Another very disturbing trend that I've seen developing over the years has been the "brain drain" of some of the most talented musicians who have left Azerbaijan seeking greener fields abroad. Even more troublesome is the fact that as years pass and if musicians don't return home, there could be a "gene drain" of some of the best musical minds.
Many great talents have left for Turkey, others for Europe. This was especially true in 1994 and 1995. It still happens today but not as much. In Soviet Azerbaijan, music used to be entirely funded by the government, but now everyone has to scramble to find private sources, which are just now beginning to emerge.
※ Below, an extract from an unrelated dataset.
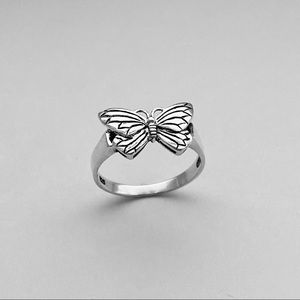 Sterling Silver Butterfly Ring, Spirit Ring, Boho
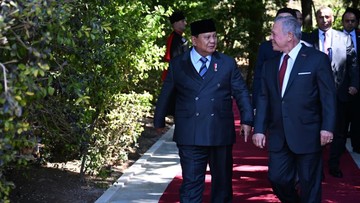 Bertemu Raja Yordania, Prabowo Tegaskan Komitmen Perjuangkan Solusi 2 Negara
As yet, there is no system for long-term endowments as we have in the West.
Alive with Music
Nevertheless, there is still a great deal of quality music to be found here. Not long ago, the Azerbaijan - Finland Friendship Association sponsored their sixth annual concert celebrating the Independence Day of Finland. Like many Azerbaijani concerts, it included a wide range of performances.
One of the most striking examples was an ensemble of drummer boys from the Jabar Garyagdi Musical School who have been performing for seven years under the leadership of Fazil Jafarov. These young boys (age 13 and younger), dressed in bright-colored, national costumes, flew across the stage, beating their drums and wearing smiles so wide that even people in the balcony could see. They performed with such enthusiasm and joy. This group has already traveled to France, Scotland and Turkey.
Next, came a children's dance ensemble. Young boys and girls danced traditional steps with arms uplifted, agile feet and boundless energy. The girls were dressed in true Eastern style with lots of sequins, flowing silk, harem pants and pillbox hats with veils. The young boys cocked their hands behind their heads, and with their skinny, yet strong, legs, stamped and stomped the stage. They created such a ruckus that all I could do was sit there with my mouth agape and wonder at the spectacle of it all. For more than 20 years, young students from all over the city have performed in this troupe under the leadership of Boyuk Aga Mammadov.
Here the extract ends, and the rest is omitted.